Dr. Gibbes is currently continuing research which explores climate, land use and vegetation patterns in southern Africa. This research project on develops a temporally and spatially multi-scaled understanding of the relationships between land-cover and land-use change (LCLUC), and precipitation in the Kavango-Zambezi (KAZA) region of southern Africa. The work examines the use of land use land cover modeling and remote sensing applications to improving our understanding of vegetation dynamics in this semi-arid region and the corresponding ecological and social implications of change in precipitation and vegetation patterns. Additionally, Dr. Gibbes has just begun a project which studies the dynamics of land use and land cover in the Fountain Creek watershed in Colorado. This region, is similar to Dr. Gibbes' study region in southern Africa in that it is water limited and local population are/will be drastically impacted by climate changes. However, it presents an interesting context for the study of increasing urbanization with specific consideration for the role of local land and resource management practices in addressing current and future climate change challenges in this water limited environment.

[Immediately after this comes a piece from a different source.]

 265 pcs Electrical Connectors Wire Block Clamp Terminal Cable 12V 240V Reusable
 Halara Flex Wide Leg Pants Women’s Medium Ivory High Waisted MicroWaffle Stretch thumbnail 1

Dr. Paddington Hodza is currently working on two research projects. In the first, Dr. Hodza has developed the concept of a new and inspiring form of GIS that is grounded in the affirmative premise that every community however challenged is gifted with things that are right and work. This form of GIS is being tested with Colorado Springs communities involved in crime prevention specifically to identify, build upon and expand those things that are working exceedingly well. In the second project, Dr. Hodza is working collaboratively with Dr. Cerian Gibbes to exploit the fusion of optical and radar satellite in detecting and geovisualizing vegetation changes following the recent and devastating Waldo Canyon fire in Colorado Springs, Colorado. The project will also evaluate the users' experience (UX) of a geospatial web application that is aimed at helping users appreciate the effects of the fire primarily on vegetation.
Brandon J. Vogt
Dr. Vogt's primary research interest lies in understanding physical processes as characterized through the precise measurement and analysis of physical landscape texture (geomorphometry). In spring 2013, Dr. Vogt is focusing on two research projects. The first uses historical cloud-to-ground lightning activity as a proxy to understand the influences of Colorado's mountainous topography on thunderstorm patterns. This work expands on two of Dr. Vogt's recently published papers: one tested whether or not lightning favors topographic highpoint attachment and if striking distance increases with peak current while the other focused on lightning avoidance while on Colorado Fourteeners. The second research project currently underway uses centimeter to sub-centimeter spatial resolution digital surface model data collected with a terrestrial 3D laser scanner (TLS) to characterize weathered sandstone surfaces. The goals of this research are to estimate a weathering rate and to explore process dominance by controlling for aspect. This project expands on Dr. Vogt's dissertation work, which used TLS data to map sandstone rock weathering forms.